Audit D.C. Notes: Ouija Boards, Older 99ers, Making Lemonade

The Washington Post picks a good moment to profile Scott Rasmussen, the pollster who’s hitting the big-time, even if the old-school polling crowd doesn’t like it.

As cash-strapped newspapers and television networks struggle to meet the growing demand for polls, Rasmussen, 54, is supplying reams of cheap, automated surveys that will measure — and maybe move — opinion, especially as primary season gives way to the November midterm elections. A co-founder of the sports network ESPN and former play-by-play broadcaster, Rasmussen is an articulate and frequent guest on Fox News and other outlets, where his nominally nonpartisan data is often cited to support Republican talking points. In October, he hired his own communications director to handle the daily deluge of press calls. He has a mini-TV studio in his office.

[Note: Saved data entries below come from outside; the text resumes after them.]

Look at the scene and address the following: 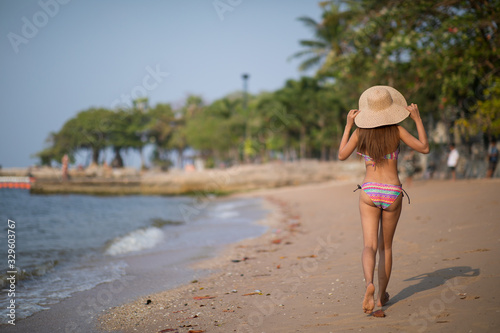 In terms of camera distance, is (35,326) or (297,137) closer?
(35,326)

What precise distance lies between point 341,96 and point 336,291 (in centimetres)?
2536

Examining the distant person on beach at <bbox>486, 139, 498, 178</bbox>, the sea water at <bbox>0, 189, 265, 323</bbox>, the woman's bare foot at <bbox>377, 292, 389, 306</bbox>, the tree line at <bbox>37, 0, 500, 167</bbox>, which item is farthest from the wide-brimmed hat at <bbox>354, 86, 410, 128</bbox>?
the distant person on beach at <bbox>486, 139, 498, 178</bbox>

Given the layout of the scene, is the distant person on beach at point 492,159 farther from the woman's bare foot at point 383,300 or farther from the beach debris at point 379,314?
the beach debris at point 379,314

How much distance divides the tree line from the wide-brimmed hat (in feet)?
33.0

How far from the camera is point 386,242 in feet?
10.5

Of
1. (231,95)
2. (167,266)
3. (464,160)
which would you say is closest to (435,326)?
(167,266)

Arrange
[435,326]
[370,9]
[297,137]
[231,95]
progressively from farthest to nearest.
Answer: [231,95] < [297,137] < [370,9] < [435,326]

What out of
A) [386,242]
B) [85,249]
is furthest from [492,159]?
[85,249]

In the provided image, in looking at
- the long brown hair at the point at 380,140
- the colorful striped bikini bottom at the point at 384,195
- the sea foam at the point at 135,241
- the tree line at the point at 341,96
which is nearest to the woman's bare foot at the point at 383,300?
the colorful striped bikini bottom at the point at 384,195

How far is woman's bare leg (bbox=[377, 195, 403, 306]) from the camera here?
3.08 metres

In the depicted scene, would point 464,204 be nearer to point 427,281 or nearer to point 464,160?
point 427,281

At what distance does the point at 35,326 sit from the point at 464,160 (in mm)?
19233

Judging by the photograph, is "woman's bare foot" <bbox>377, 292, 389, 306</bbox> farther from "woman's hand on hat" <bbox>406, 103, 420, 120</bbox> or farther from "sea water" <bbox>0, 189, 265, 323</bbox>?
"sea water" <bbox>0, 189, 265, 323</bbox>

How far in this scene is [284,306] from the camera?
3.51 metres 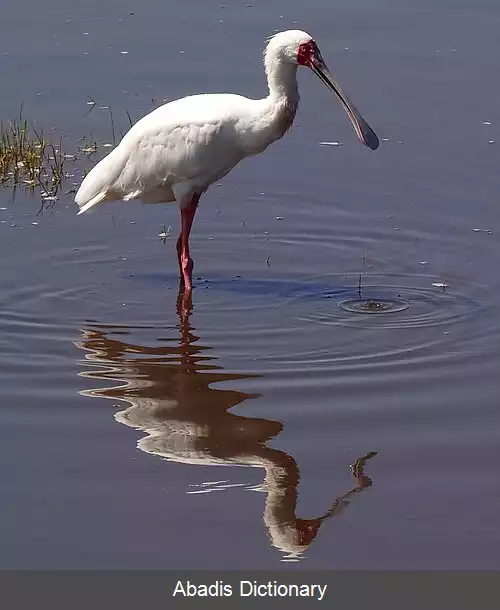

The piece is page-one on the Style section, and it’s got plenty of elements that come with that position, like the fact that this rising star, who some critics see as a “conjurer of Republican-friendly numbers…works above a paranormal bookstore crowded with Ouija boards and psychics on the Jersey Shore.”

It’s a good read, with nice details about Rasmussen—an ESPN co-founder!— and smart context on how the changing media landscape is changing the polling business.

—The tough, tough situation facing older unemployed workers gets much needed attention from The Washington Independent.

Quick pause, as I point out that I worked for TWI. OK, moving on.

The story has good reporting about the 99ers, who have exhausted their unemployment insurance (and get their name from the maximum number of weeks of state and federal benefits), and the many of them who are older. Check out these stats:

The unemployment rate for over-55s is at the highest level since 1948. Since the recession started, both the number of older people seeking work and the rate of unemployment for over-55s have increased more sharply than for all other demographic groups. And older workers comprise a high share of the long-term unemployed. In May, the average duration of unemployment for older job-seekers climbed to 44.2 weeks, 11 more weeks than the national average. Nearly six in ten older job-seekers have been out of work for more than six months.

There’s an interesting look at the structural reasons that unemployment is hitting older Americans this way, and at the role that plain-ole discrimination is playing in the whole thing.

Further proof that, though it can be difficult, there are still more ways to tell this long, long unemployment story.

Time magazine goes big on “The Other Financial Crisis,” the one hitting the states. While the piece doesn’t break much new ground, it’s a compelling read that brings a lot of strands together.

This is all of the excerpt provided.